Chénelette est une commune française, située dans le département du Rhône en région Rhône-Alpes.

Géographie[modifier | modifier le code]

Petit village situé dans le nord-ouest du département du Rhône, au milieu des bois, prairies, et montagnes. Le village est élevé de 660 m, petit village avec des vues extraordinaires et où il fait bon vivre.

Histoire[modifier | modifier le code]

Au sommet du Mont Tourvéon qui culmine à environ 950 m, se situait un château, le château de Ganelon qui a été rasé sous l'ordre de Louis le Pieux. La légende raconte que Ganelon a été enfermé dans un tonneau hérissé de piques puis précipité sur les pentes assez raide du Tourvéon pour atterrir au niveau de l'église de Chenelette. Aujourd'hui il est possible de voir les ruines du château au sommet.Pour cela il faut s'y rendre à pied à partir du village de Chenelette puis monter une première partie sur la route puis arriver au terrain de terre prendre la deuxième à droite puis à gauche où s'engage une dure montée, au moment d'un croisement après la montée raide il est conseillé de prendre à gauche puis marcher 500 m sur lesquels à certains endroits la vallée de la Saône, de l'Ardières, la chaine du Mont Blanc et la carrière de Saint Didier sur Beaujeu se dessinent.

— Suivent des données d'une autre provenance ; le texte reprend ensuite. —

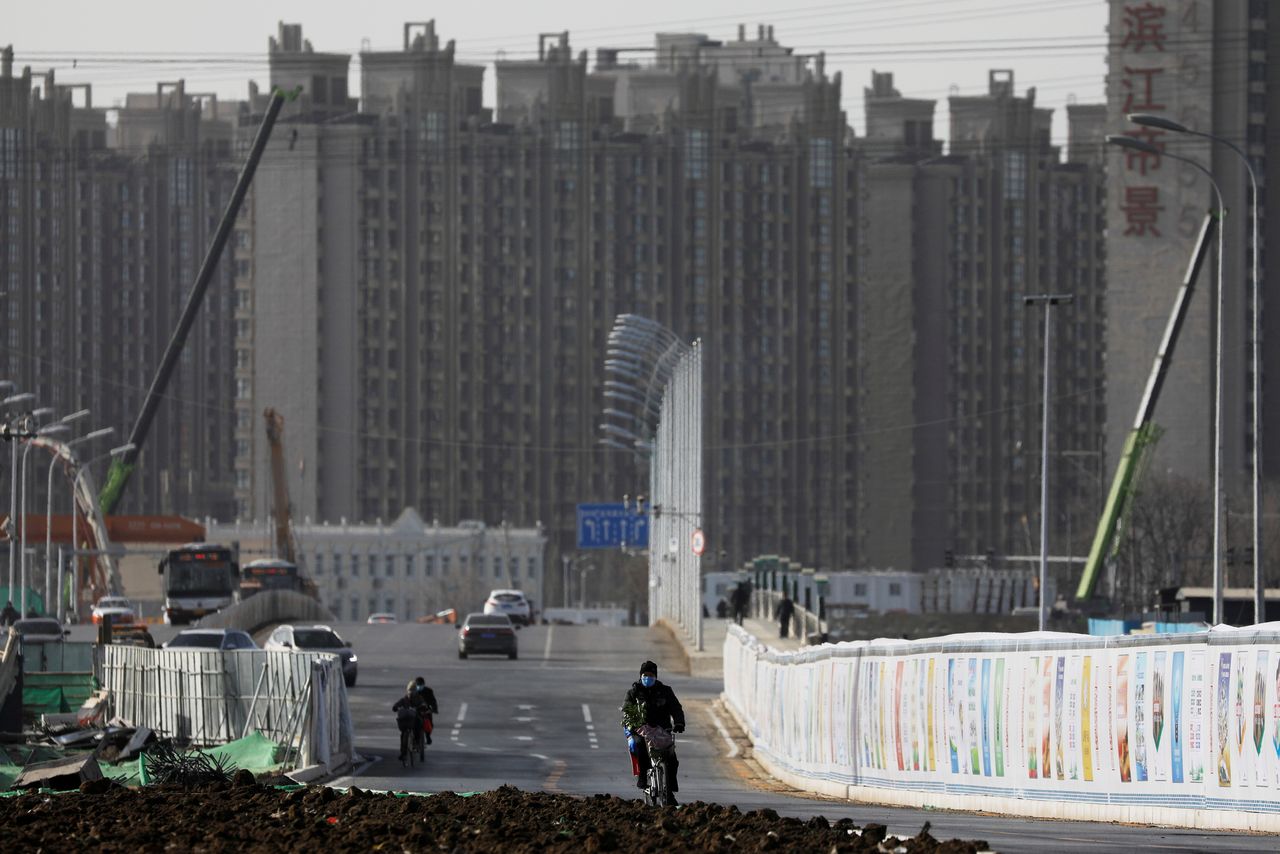 １０月１９日、中国で不動産税（日本の固定資産税に相当）導入の動きが勢いを増そうとしている。写真は北京の住宅街付近を自転車で通行する男性。１月１３日撮影（２０２１年　ロイター/Tingshu Wang）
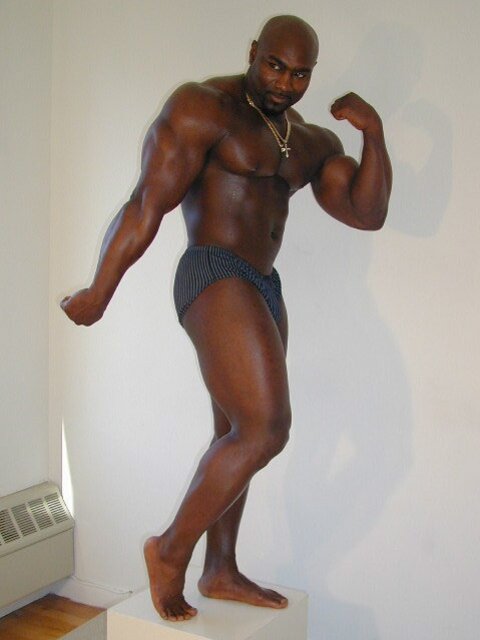 Black and muscled Dynamite shows off bare feet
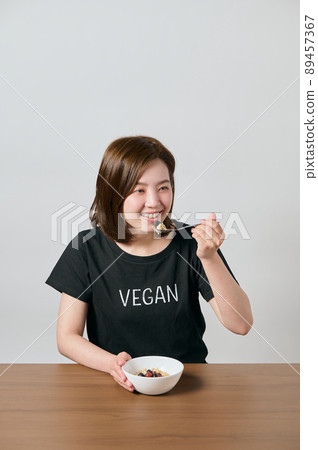 Young vegan woman eating oatmeal Young vegan woman eating oatmeal 89457367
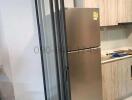Compact modern kitchen with stainless steel fridge and wooden cabinets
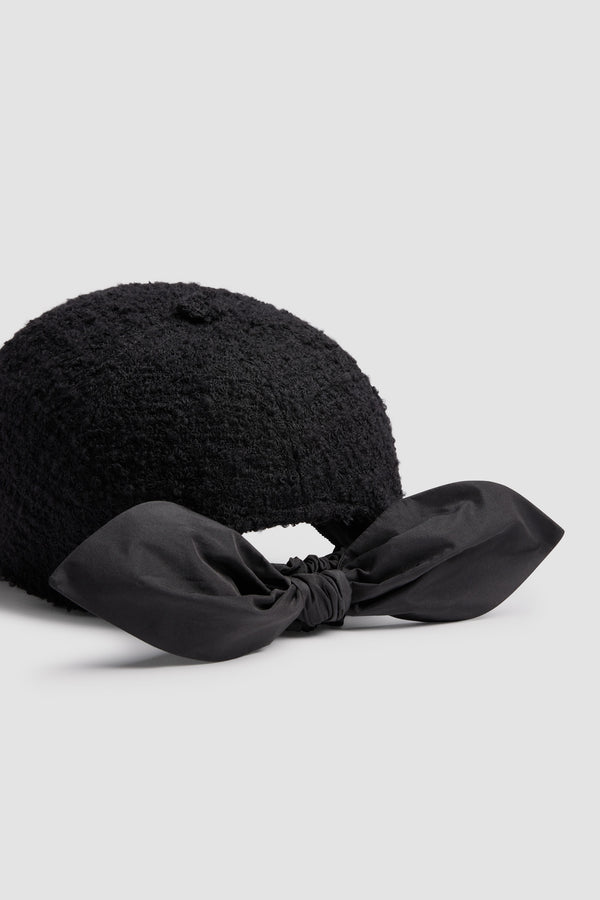 Patou - Couture cap in sustainable wool blend tweed - Black - Black sustainable wool blend tweed cap. Textured finish. Embroidered JP monogram at the front. Polyester faille bow fastening at the back.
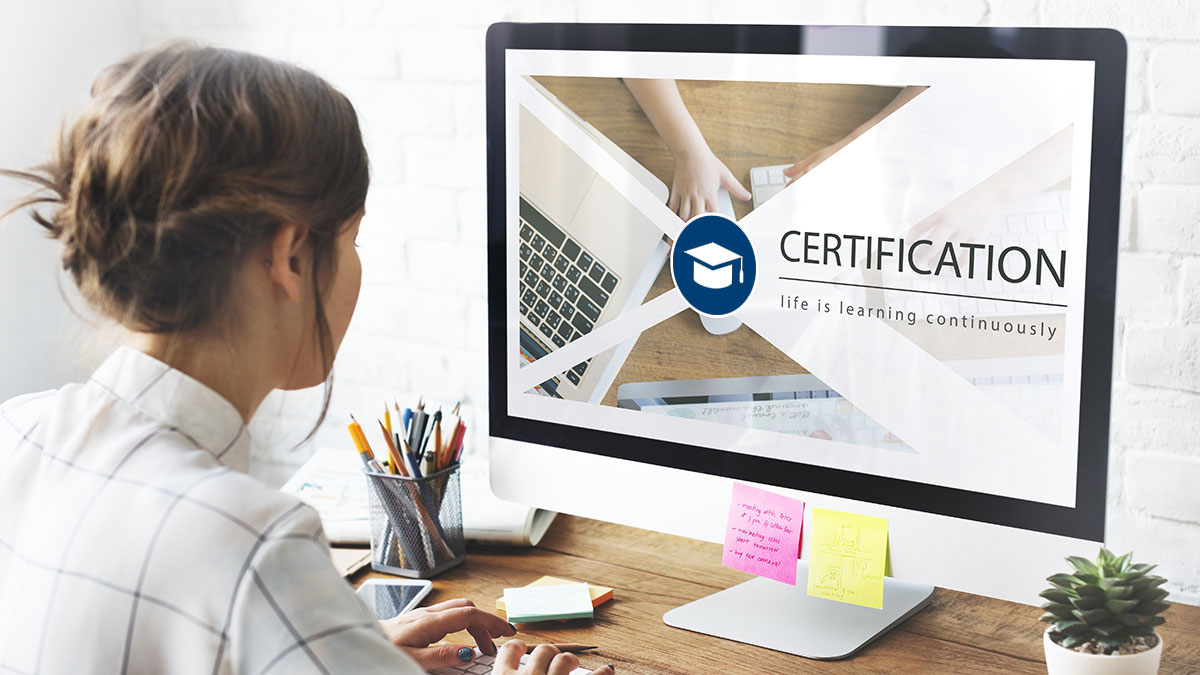 Woman at desk looks at computer screen displaying "Certification" with a graduation cap icon. Desk has colorful sticky notes and stationery, conveying a focused, educational atmosphere.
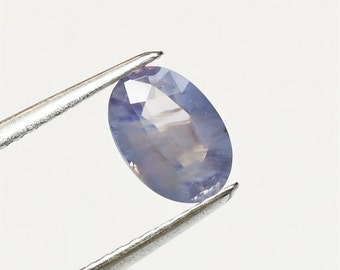 Oval cloudy lavender sapphire 7.8x5.5 mm, this transparent to translucent milky faceted stone weighs 1.26 carat and comes from Sri Lanka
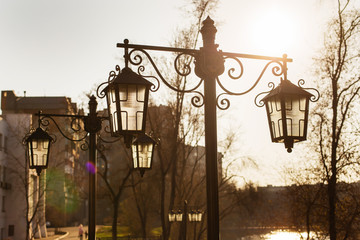 Vintage street lamps against backlight on sunset background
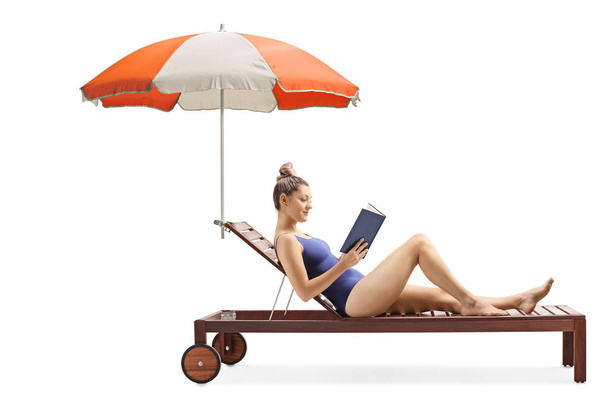 Young woman reading a book and relaxing on a sunbed under umbrel - Фото, изображение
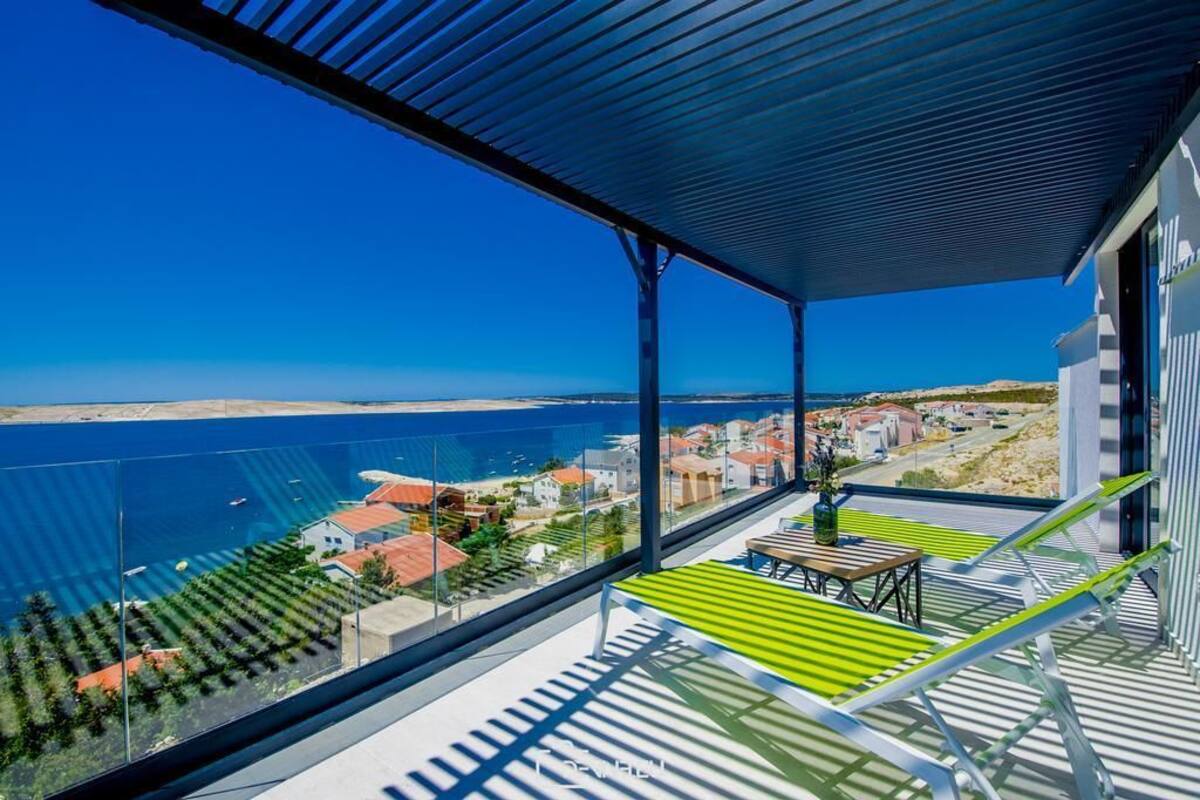 A balcony with a view of the sea and a town.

Tolvedunum : Naissance du village de Tourvéon[modifier | modifier le code]

Même s'il n'y a aucune trace actuellement visible, le village existe avant la conquête des Gaules par Jules César. Il était situé sur le territoire des gaulois Segusiaves. En 27, l'empereur Auguste jette les bases de l'administration en Gaule. Le pays des Ségusiaves s'émancipe de la tutelle éduenne en devenant une civitas à part entière. Le pays Segusiave est divisé en 5 cantons ou "pagus" :

- Pagus Forensis (Feurs)

- Pagus Rodonensis (Roanne)

- Pagus Jarensis (le Pays de Jarez)

- Pagus Condatensis (le pays du confluent)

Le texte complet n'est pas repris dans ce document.